- Expected Dec 3, 2019
A vivid narrative that connects the lives of four great astronomers as they discovered, refined, and popularized the first major scientific discovery of the modern era: that the Earth moves around the Sun.
Today we take for granted that a telescope allows us to see galaxies millions of light years away. But before its invention, people used nothing more than their naked eye to fathom what took place in the visible sky. So how did four men in the 1500's—of different nationality, age, religion, and class—collaborate to discover that the Earth revolved around the Sun? With this radical discovery that went against the Church, they created our contemporary world—and with it, the uneasy conditions of modern life.
Heaven on Earth is an intimate examination of this scientific family—that of Nicolaus Copernicus, Tycho Brahe, Johannes Kepler, and Galileo Galilei.

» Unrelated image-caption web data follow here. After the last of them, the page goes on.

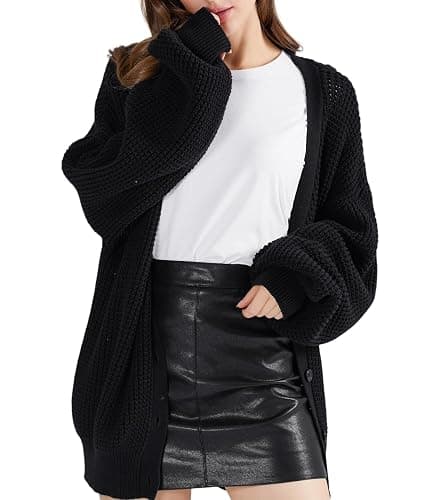 QUALFORT Women's Oversized 100% Cotton Cardigan Sweater | Long Sleeve V Neck Button Down Open Front Knit Outerwear thumbnail 7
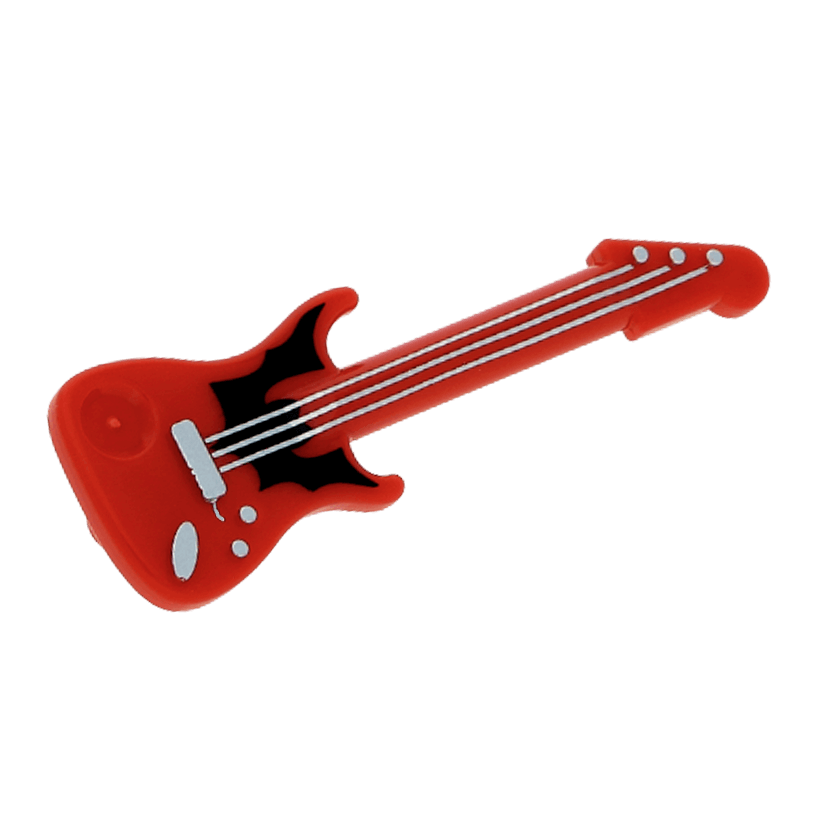 Мистецтво Lego Guitar Electric with Silver Strings and Black Bat Pattern 11640pb03 6122116 Red Б/У - Retromagaz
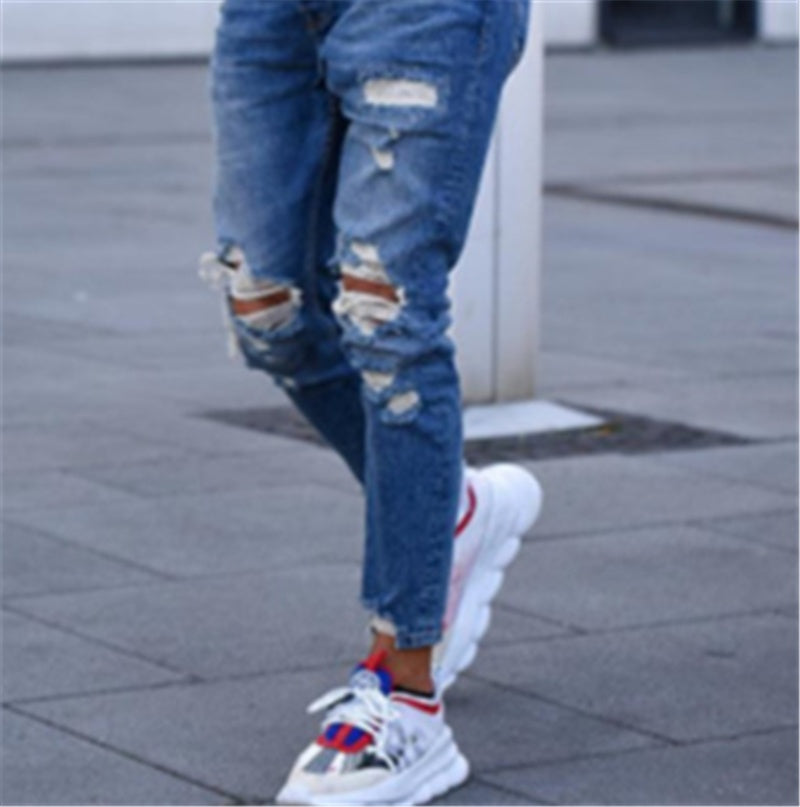 Men's Ripped Effect Denim Cotton Jeans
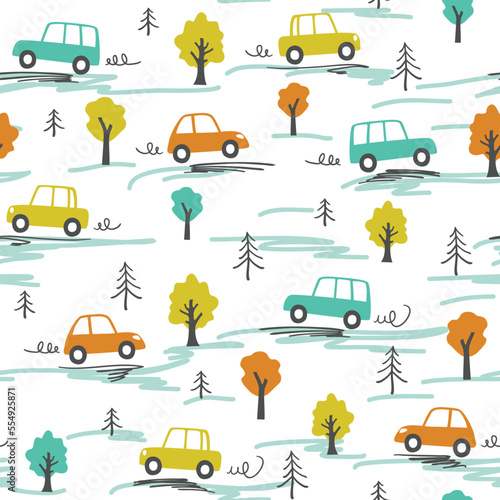 Children seamless pattern with cars and trees in hand drawn flat style. Endless fun cartoon kids ornament for fabric and fashion textile pint. Vector background.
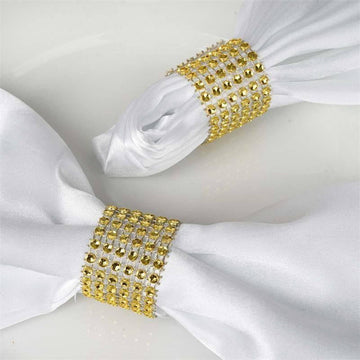 10 Pack Gold Diamond Rhinestone Napkin Rings, Chair Sash Velcro Brooch Buckle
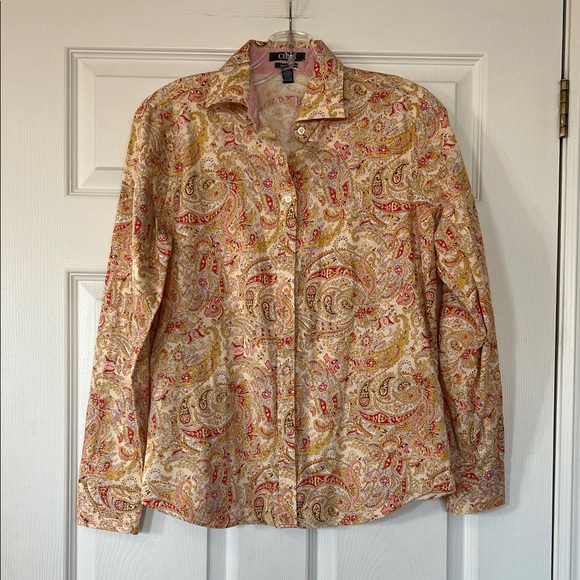 Chaps Tops - Chaps Paisley Button-Down Shirt in Cream, Red & Gold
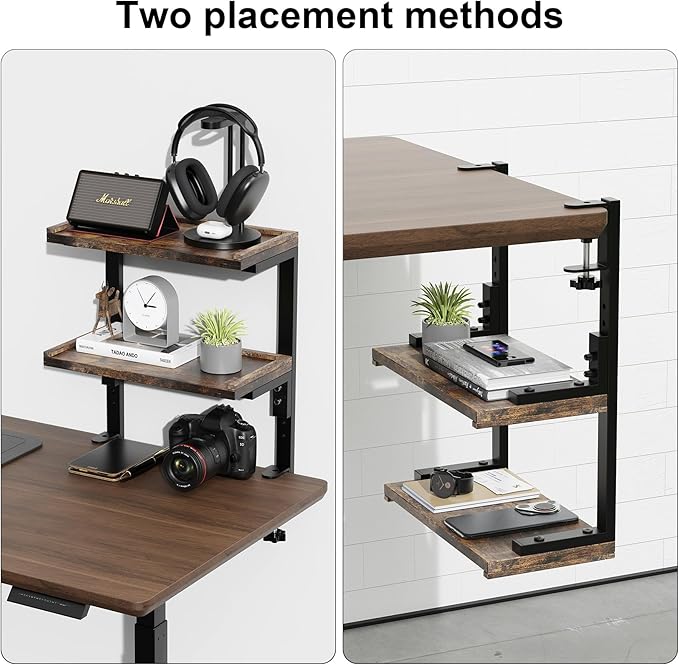 2-Tier Desk Shelf, Expandable Under Desk Storage, Clamp on Desk Shelf, Desktop Accessories for Offices, Study Rooms, and Game Rooms (Wood)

Fauber juxtaposes their scientific work with insight into their personal lives and political considerations, which shaped their pursuit of knowledge. Uniquely, he shows how their intergenerational collaboration was actually what made the scientific revolution possible.

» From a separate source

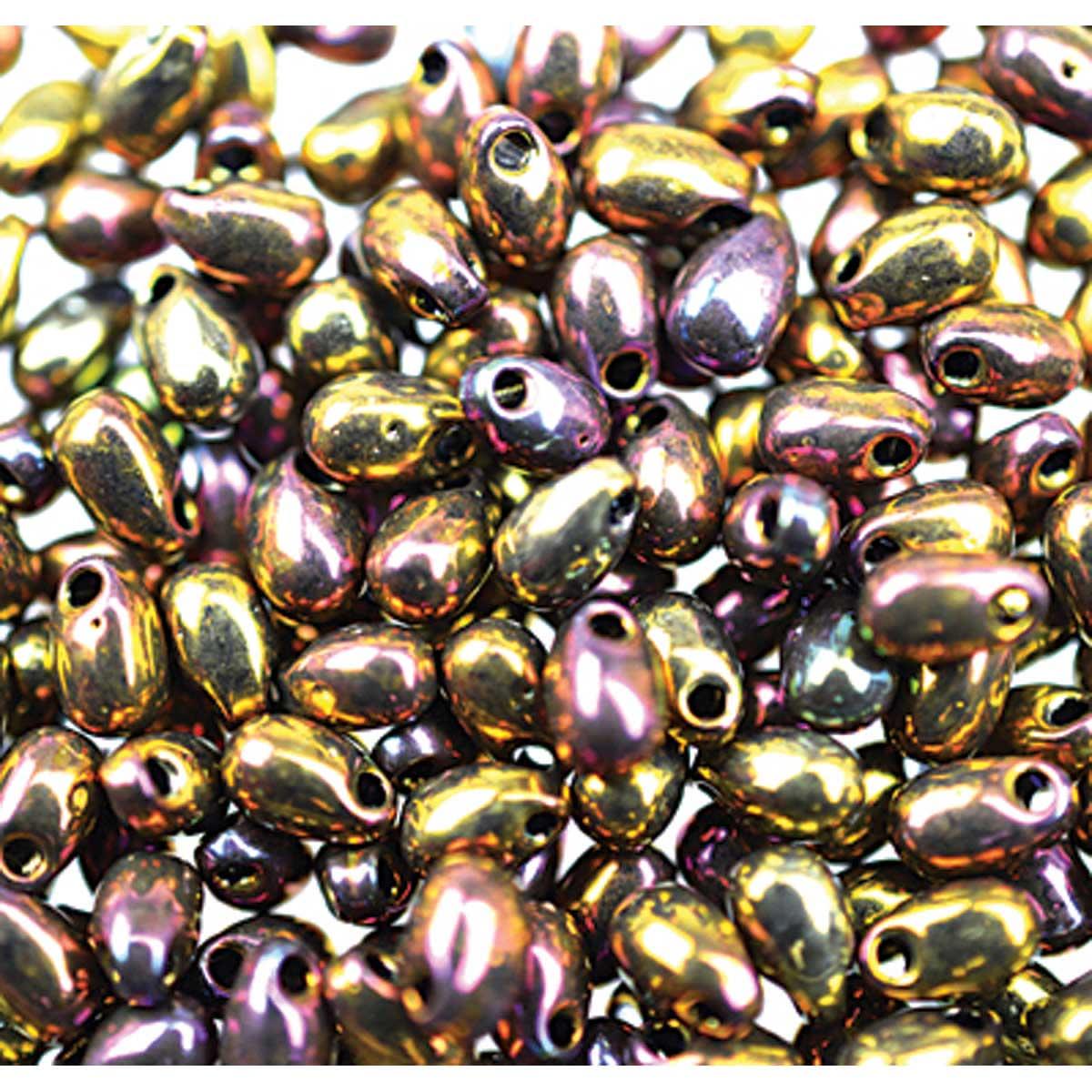 Miyuki Long Drops - 3 x 5.5mm - Gold Violet Metallic - 10 grams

Ranging from the birth of astronomy and the methods of early scientific research, Fauber reveals the human story that underlies this civilization altering discovery. And, contrary to the competitive nature of research today, collaboration was key to early scientific discovery. Before the rise of university research institutions, deep thinkers only had each other. They created a kind of family, related to each other via intellectual pursuit rather than blood.
These men called each other “brothers,” “fathers,” and “sons,” and laid the foundations of modern science through familial co-work. And though the sixteenth century was far from the an open society for women, There were female pioneers in this “family” as well, including Brahe's sister Sophie, Kepler’s mother, and Galileo's daughter.
Filled with rich characters and sweeping historical scope, Heaven on Earth reveals how the strong connections between these pillars of intellectual history moved science forward—and how, without them, we might have waited a long time for a heliocentric model of the universe.